This is the first in a series of blogs discussing factors to consider when designing modern lift trucks.
Space is at a premium in the modern warehouse. Cost of land is the major driver, but escalating demand caused by trends in e-commerce shopping and fulfillment also contribute to the space restrictions. There is a wide array of strategies being used to make every square meter more valuable. Construction and technology solutions can be deployed to reduce your total cost of adding and operating your warehouse space.
As populations increase, land values continue to escalate. The shift from retail to online shopping continues to place greater demands on warehouse operations. Fierce competition for warehouse space has driven up costs in global industrial markets. There is increasing pressure on warehouse operators to maximize the capacity, throughput and revenue generation of their space.
New warehouses are being built with higher and higher ceilings to maximize the cubic capacity of a building built on a specific piece of land. During the last thirty years, the industrial real estate market has seen buildings grow from clear ceiling heights of 6 meters to 10 meters, 13 meters, or more. Construction costs are higher to support the greater weights, and sprinkler requirements will also change with more height, but the incremental construction costs are quickly recouped by the increased storage capacity. New warehousing practices and technologies are needed to support these higher ceilings.
Of course, the aisles between racking is generally unusable space, and the increasing value of each square meter drives a trend to minimize the number and width of aisles to maximize storage space.
Installing double depth or even deep-lane racking systems can reduce the number of aisles. Double-depth racking systems can be installed inexpensively, and pallet positions can be accessed with extended reach lift trucks. These machines allow for double-depth loads to be placed in racking, increasing capacity by about 30%.
Deep-lane racking systems can be implemented where high volume storage of a narrower range of products is required. These automated systems can be configured for a wide range of pallet depths. These systems can be expensive to install but can bring tremendous value. Configure them for LIFO or FIFO inventory management.
Another way to increase racking density is to reduce aisle widths as much as possible. Standard aisles measure 3.2 meters or more, while narrow aisles can be anywhere between 2.6 and 3.2 meters. Using narrow aisles exclusively can increase storage capacity by more than 10%. Very narrow aisles can be as narrow as 1.5 to 2.2 meters, which can add a further 10% or more to your storage capacity.
Each aisle choice brings equipment decisions. Counter-balance lift trucks typically do not fit in these types of spaces. Narrow aisle reach trucks have been widely deployed for many years. Reach trucks have two outer legs that help distribute the load, and in addition to the weight and ballast of the drive unit and operator, prevent loads from tipping forward.

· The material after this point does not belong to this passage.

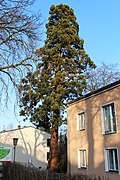 2 Mammutbäume (Sequoiadendron giganteum)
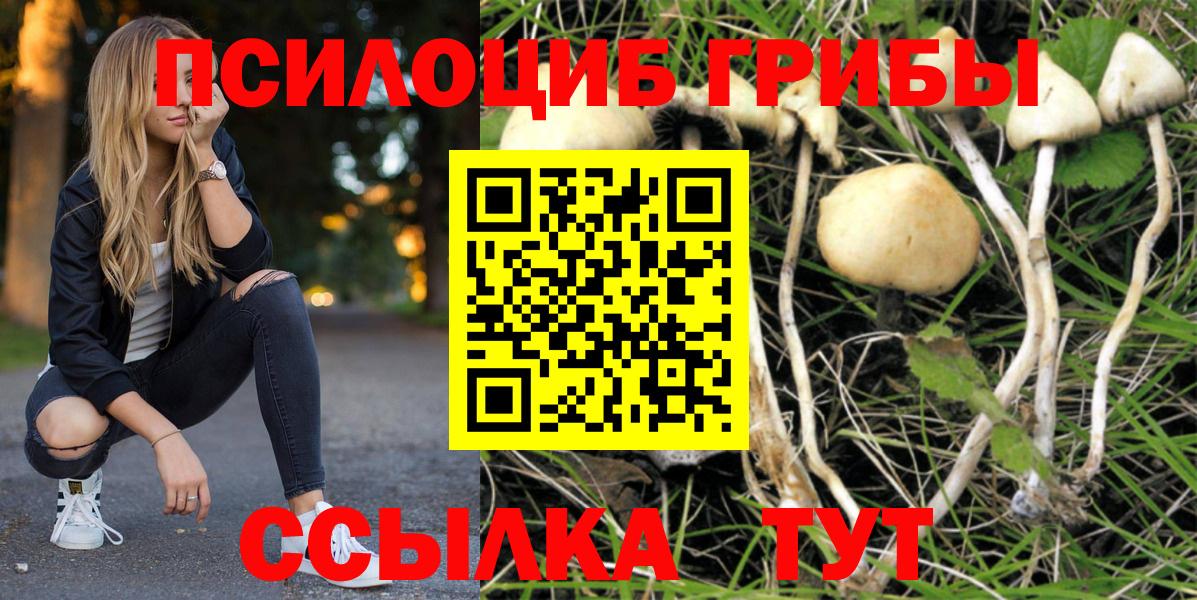 Псилоцибиновые грибы мицелий Канаш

A single set of wheels under the operator helps create a tight turning radius.
Very Narrow Aisles (VNA) can be accessed using stock pickers or turret trucks. These vehicles do not turn while in the aisle – so require significantly less width. Stock pickers do not allow the operator to place a pallet on racking, so do not need a turning radius to be able to operate. They will lift a worker and pallet up to the appropriate rack height and allow the operator (fully secured of course) to either load or unload items at the desired location.
Turret trucks can help deliver maximum storage capacity, with high reach and weight capability, plus the ability to rotate loads from side to side and extend to place pallets on racking on either side. They are fun to operate and watch, but can be large, heavy and expensive. These can be combined with gravity-fed double depth racking or deep-lane racking systems for even greater overall storage density.
Lift Truck Designs
All types of lift trucks with higher weight capacities and higher reach capabilities will require more ballast to remain safely balanced, so it is important to understand all your operating requirements before selecting a lift truck, and before finalizing your racking system design. The design of your optimal warehouse space requires consideration of current and future requirements. Your final design should be developed in consultation with your racking and lift truck suppliers.
OEMs of lift trucks must continue to design equipment that will safely allow operation in tighter and tighter spaces. There are many trade-offs to consider in lift truck design, including size, weight, height, lifting capability, reach, turning radius and operating duty cycle. Energy storage systems are moving towards lithium for increased energy density, and the possibility of reducing vehicle size to allow for narrow aisle reach trucks to operate in ever-narrower aisles. Continued advancements in technology will bring down the Total Cost of Ownership of more advanced lift truck solutions. Lithium batteries combined with on-board chargers can help make narrow-aisle reach trucks, stock pickers and turret trucks more productive.